Никогда не забуду первого утра в Америке – я проснулся, вышел на улицу, и то, что я увидел, было культурным шоком
– Конечно, но путешествие в иной мир невозможно без предыстории, и Данте в него попадает в определенном состоянии в определенном возрасте, прожив какую-то другую жизнь. Я думаю, что приехавшие в детстве или в преклонном возрасте не испытывают таких трансформаций, а мои герои переехали 20-летними, они, с одной стороны, сформировались, с другой – еще открыты иным мирам. Мне кажется, этот отрезок, от 20 до 50 – это настоящее путешествие – не в загробный мир, но все же в мир иной. Я никогда не забуду: мы уехали в начале июня 1987 года, до этого много лет были в отказе – и, конечно, фантазировали, как устроена жизнь на Западе. После почти целого лета в Италии мы прилетели в США, в маленький университетский город, где мои родители живут 20 лет. И я никогда не забуду первого утра в Америке – я проснулся, вышел на улицу, и то, что я увидел, было культурным шоком. Вот, знаете, Ильфу и Петрову не верили, думали, пропаганда, но это была настоящая одноэтажная Америка, с деревянными домиками – и это была столица штата! То есть пробуждение в таком пространстве после 20 лет в Москве – это, конечно же, начало совершенно другого пути. И мои герои тоже это испытывают – что они совершили не просто перелет, а переход в другое состояние. То есть я моделировал нарратив, но не придумывал всей подноготной, поскольку я ее подробно наблюдал и исследовал.

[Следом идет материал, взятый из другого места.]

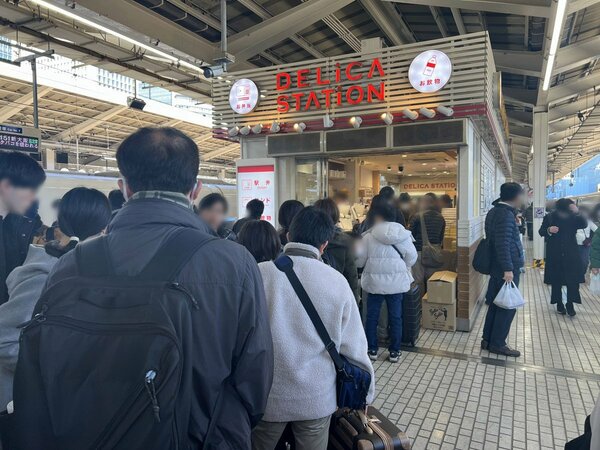 混雑する売店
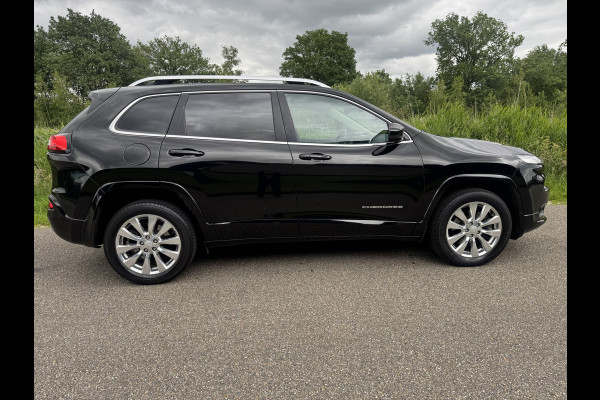 Jeep Cherokee 2.2 Overland Vol Opties!! Weinig Km !!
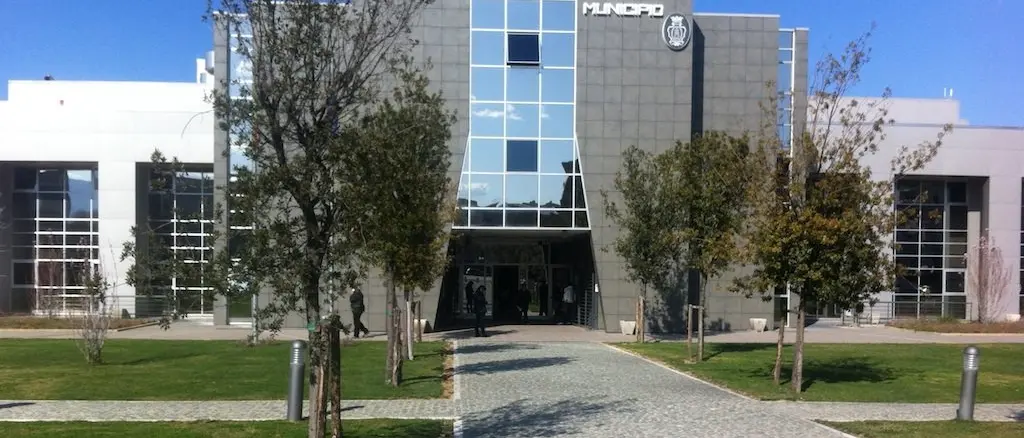 Rende, «massima solidarietà allo studente del Paraguay»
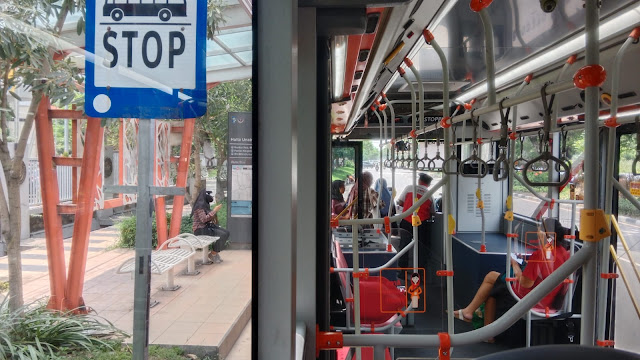 Halte Suroboyo Bus dan Trans Semanggi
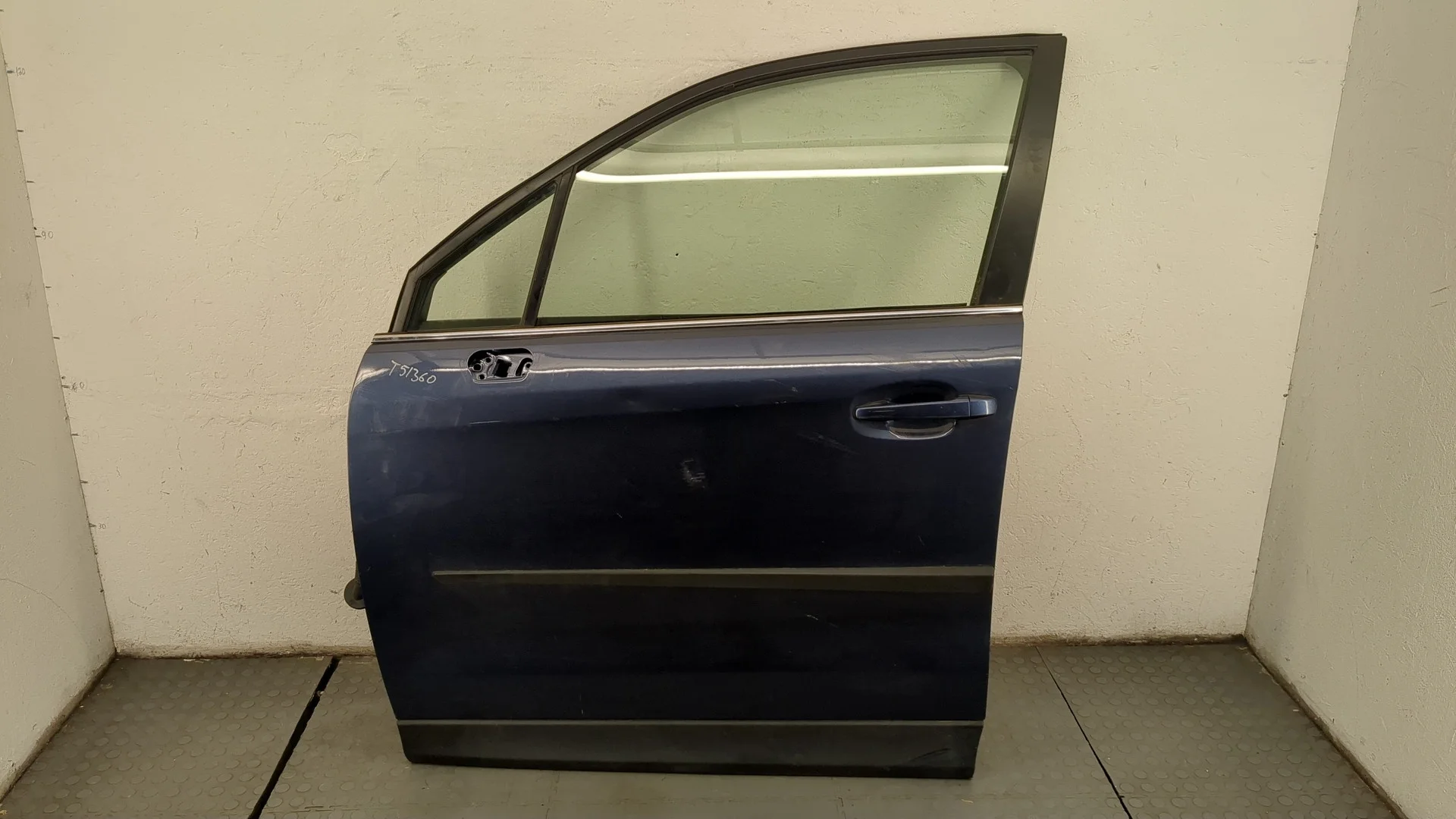 Дверь боковая (легковая) Subaru Forester (S13) 2012-2019 КПП 6-ст.мех 4х4 (МКПП) EE20Z Дизель 2 л Турбо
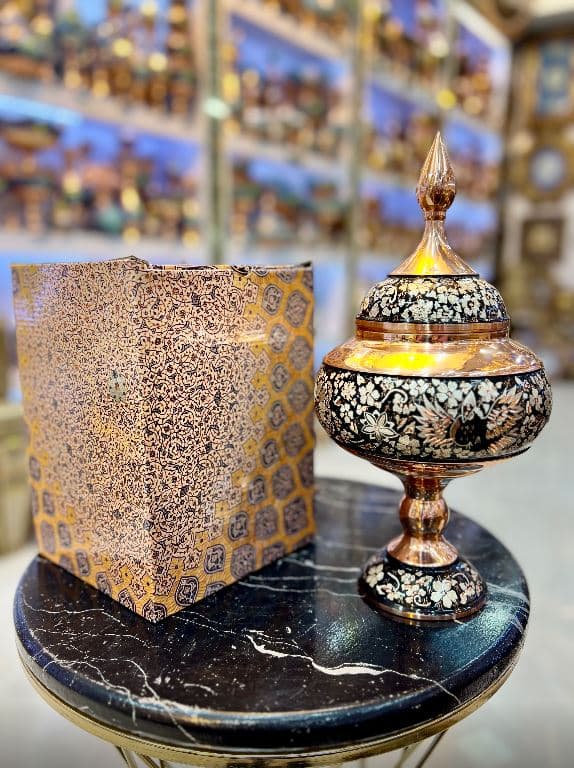 شکلات خوری پایه دار حکاکی و نقره کوب مسی30 — تصویر ۲
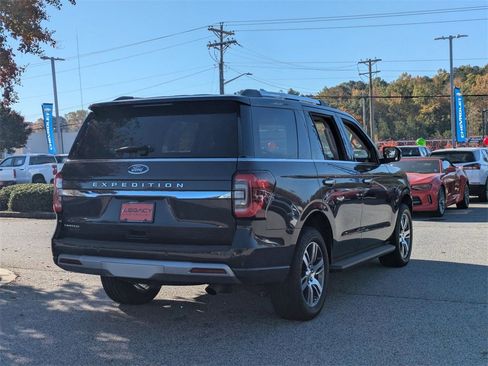 Used 2024 Ford Expedition Limited image 8
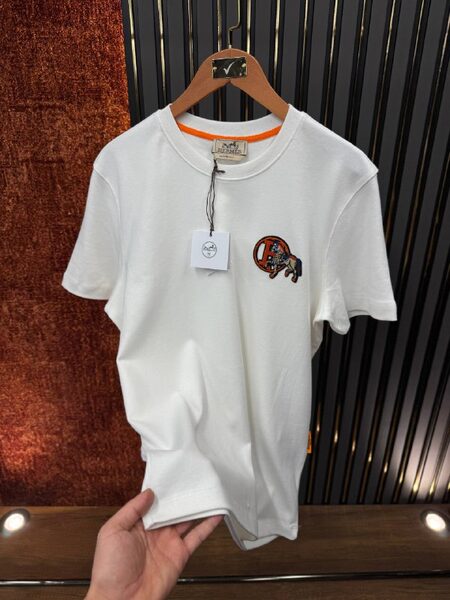 Apparel — TGnEb4yNL4vx view 4
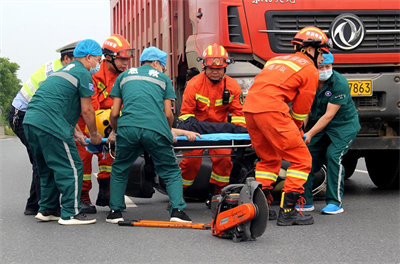 杜尔伯特沛县道路救援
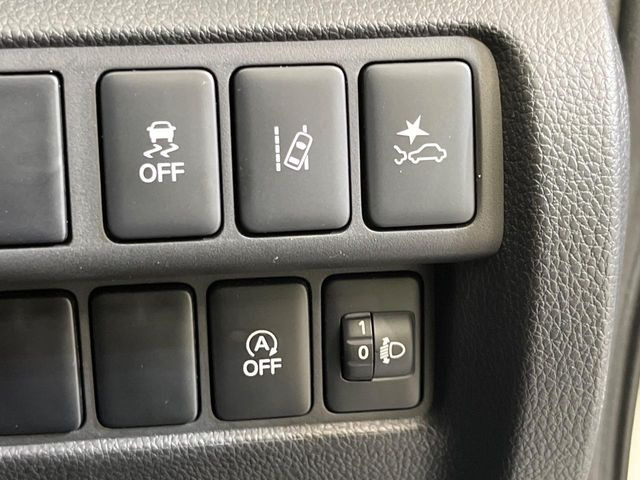 �y�O�He-Assist�z���s���ɑO���̎ԗ�����F�����A�Փ˂������Ȏ��͌x��ƃu���[�L�ŏՓˉ���Ɣ�Q�y�����A�V�X�g�B�����S�Ƀh���C�u�����y���݂��������܂��B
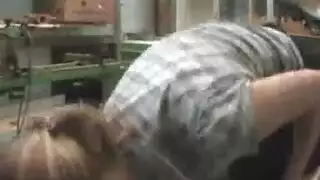 يتبادلون الزوجات في منازل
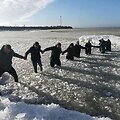 Melnragėje vyrai gelbėjo įlūžusias moteris ir vaikus.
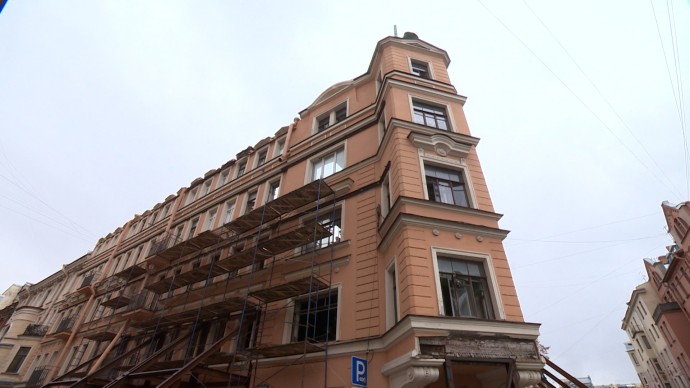 Дом на Большой Зелениной улице, частично обрушившийся прошлым летом, готов на 50%: ход работ проверил Евгений Разумишкин Дом на Большой Зелениной улице, частично обрушившийся прошлым летом, готов на 50%: ход работ проверил Евгений Разумишкин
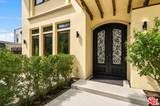 1126 Yale St - Photo 14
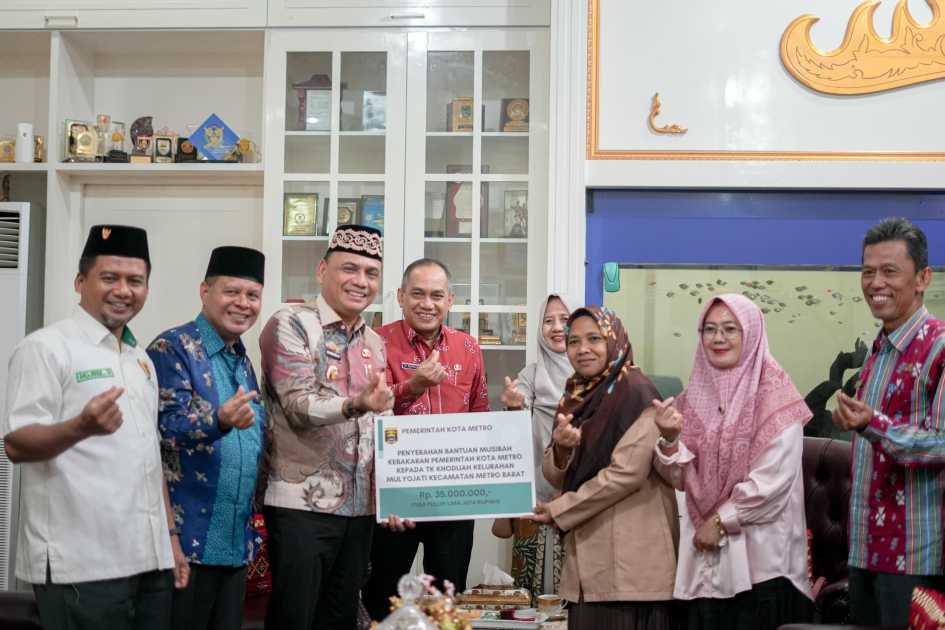 Pasca Kebakaran, TK Khodijah Dapat Bantuan Pemkot dan Baznas Metro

– Скажите, Максим, вы сейчас следите за жизнью в России?
– И да, и нет. Я приезжаю сюда дважды в год. На Преображенском еврейском кладбище похоронены почти все мои предки с отцовской стороны, родственников не осталось, я – единственный, кто посещает эти могилы, и для меня эта поездка уже поэтому имеет огромный смысл. Потом, я много лет связан с музеем Набокова, с Набоковскими чтениями, и еще очень важно, что здесь есть возможность представить новые книги, выступить перед читателями. Наконец, я каждый год вожу в Россию своих дочерей, которым 10 и 12 лет, и это тоже важно. Да, я слежу за жизнью в России, но уже больше как наблюдатель, многие вещи меня уже не трогают. И не потому что я черствый человек, просто многие местные треволнения больше не находят в моей душе отклика. Я не говорю о вопросах политики – демократического или тоталитарного будущего, преследования инакомыслящих: для того, чтобы за это переживать, не надо быть выходцем из России. Но, например, литературная жизнь российская меня уже мало трогает – я живу другими культурными начинаниями. Тем не менее я продолжаю относиться с огромным трепетом к культуре послевоенного советского периода. Например, перерабатывая свой рассказ "Посмертная любовь", я вдруг осознал свое кровное родство с Трифоновым – вот как это объяснить?
– А как вы относитесь к такому резкому ухудшению отношений США и России, вот и консульство в Петербурге закрыто…
Я боюсь, как бы нынешнее положение дел не было началом еще худшей конфронтации
– Это пахнет худшими периодами холодной войны, с другой стороны, как человек, проведший здесь 70–80-е годы, связанный с сопротивлением, с движением отказников, не пытавшихся переделать систему, а хотевших только уехать, пережив все это, я уже ничему не удивляюсь. История всегда повторяется, просто мы не видим этого и отказываемся быть прилежными учениками. Я боюсь, как бы нынешнее положение дел не было началом еще худшей конфронтации, но – повторяю – советские люди переживали и не такое. Да и если посмотреть на весь прошлый век, то мы увидим, что это серия ужасных катастроф, в которых ничья гуманность, образованность и культура никого не спасла.
– Вы давно порвали с Россией, но продолжаете ездить сюда и писать по-русски – эта связь, эта ниточка все еще важна для вас?
– Думаю, что с Россией мы не порвем никогда, мы связаны с ней культурно, духовно, и это не высокие слова. Если мы с чем-то порвали, так это с российской историей – я больше не чувствую себя ее субъектом. Но я глубоко чувствую себя субъектом российской культуры, природы, каждое лето я стараюсь вывозить своих детей куда-нибудь в глубинку, туда, где сохранилась более многогранная, сложная русская жизнь.